Start of SOURCE DATA

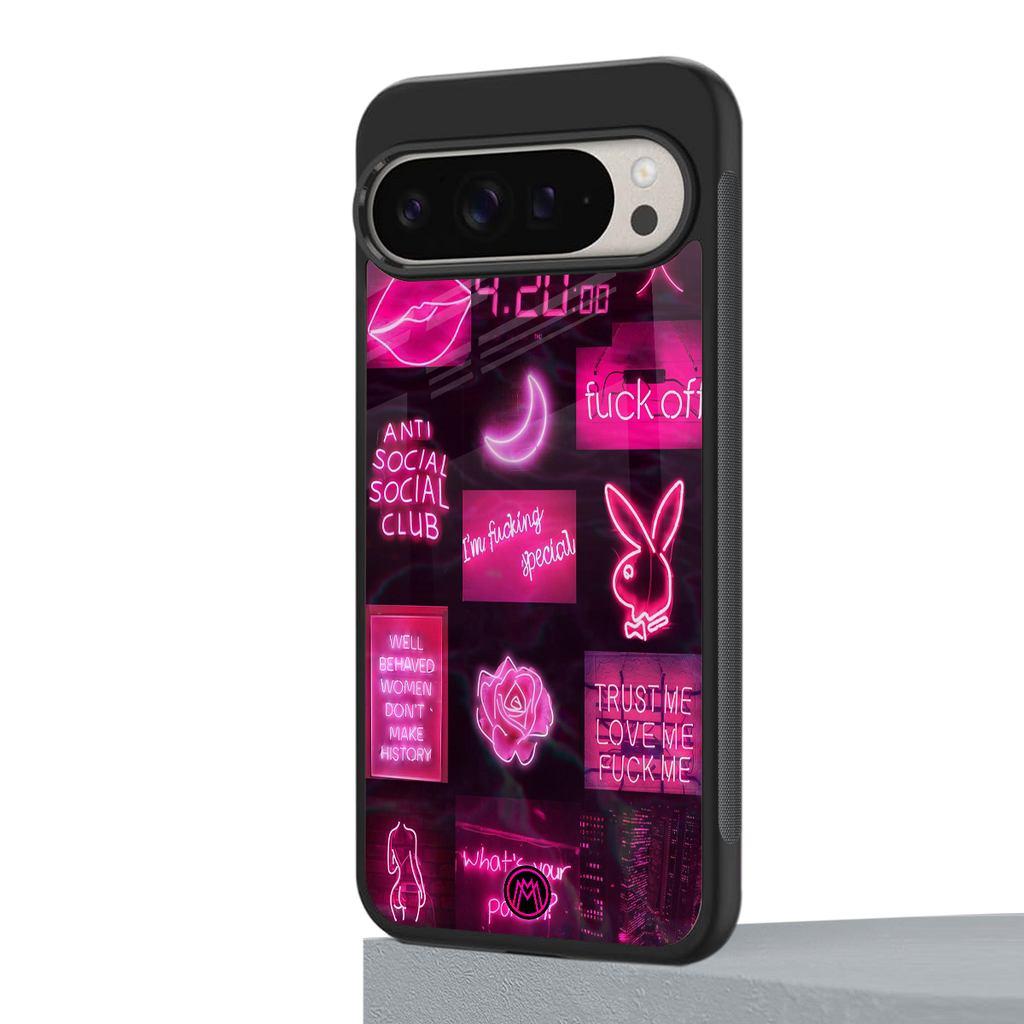 black pink aesthetic collage back phone cover | glass case for google pixel 9 pro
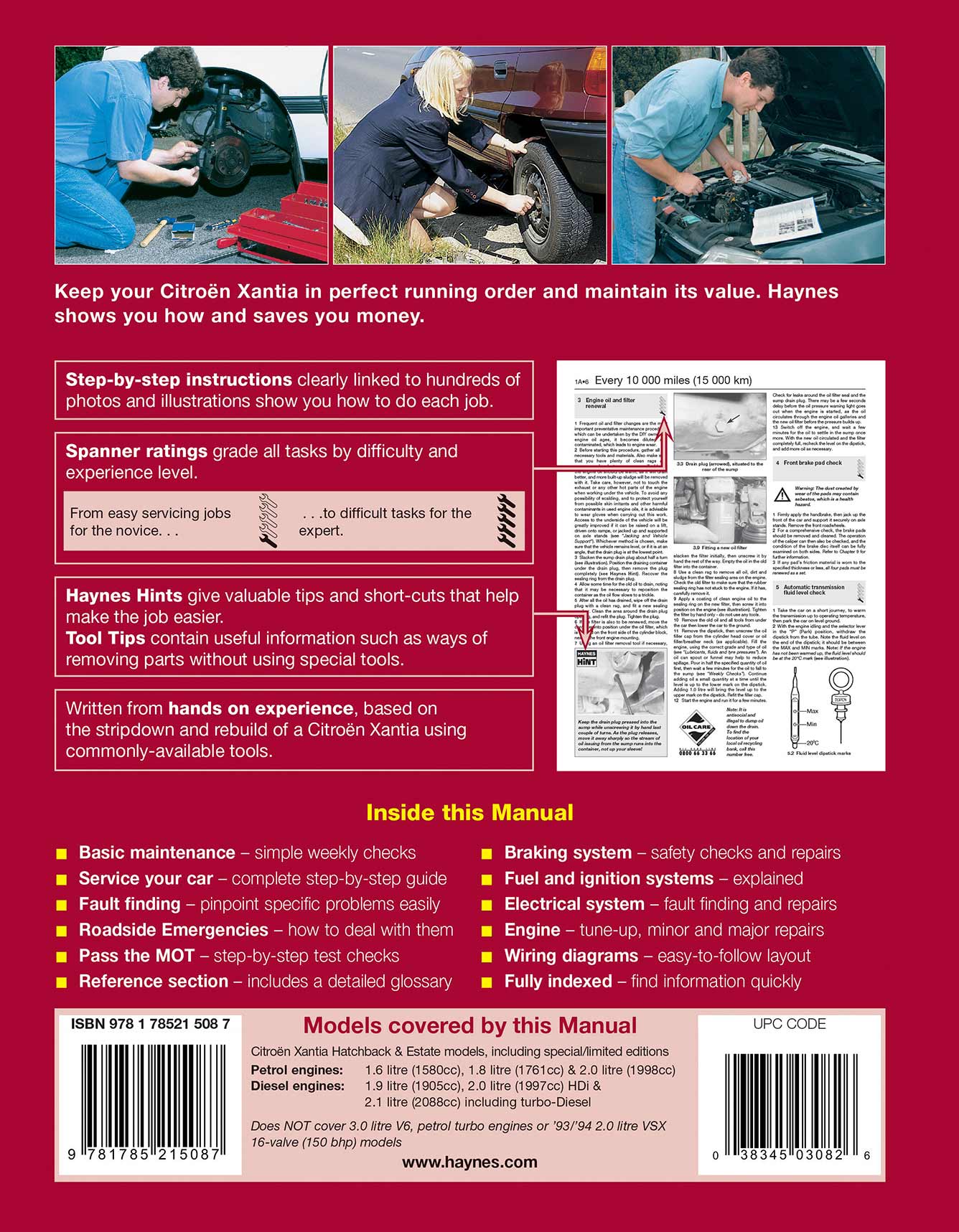 Citroen Xantia Petrol & Diesel (1993-2001) Haynes Repair Manual Printed Book Back Cover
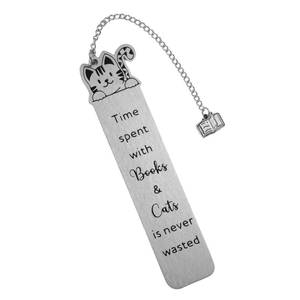 lot 20181 image: Lasuroa Cat Metal Bookmark with Book Charm Pendant, Zinc Alloy Reading Tool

End of SOURCE DATA

*WHAT TO DO*.
Every line from the line containing "Citroen Xantia Petrol" through the last line above is to be printed exactly. Pictures are not copied.

*TASK RESULT*.
 Citroen Xantia Petrol & Diesel (1993-2001) Haynes Repair Manual Printed Book Back Cover
 lot 20181 image: Lasuroa Cat Metal Bookmark with Book Charm Pendant, Zinc Alloy Reading Tool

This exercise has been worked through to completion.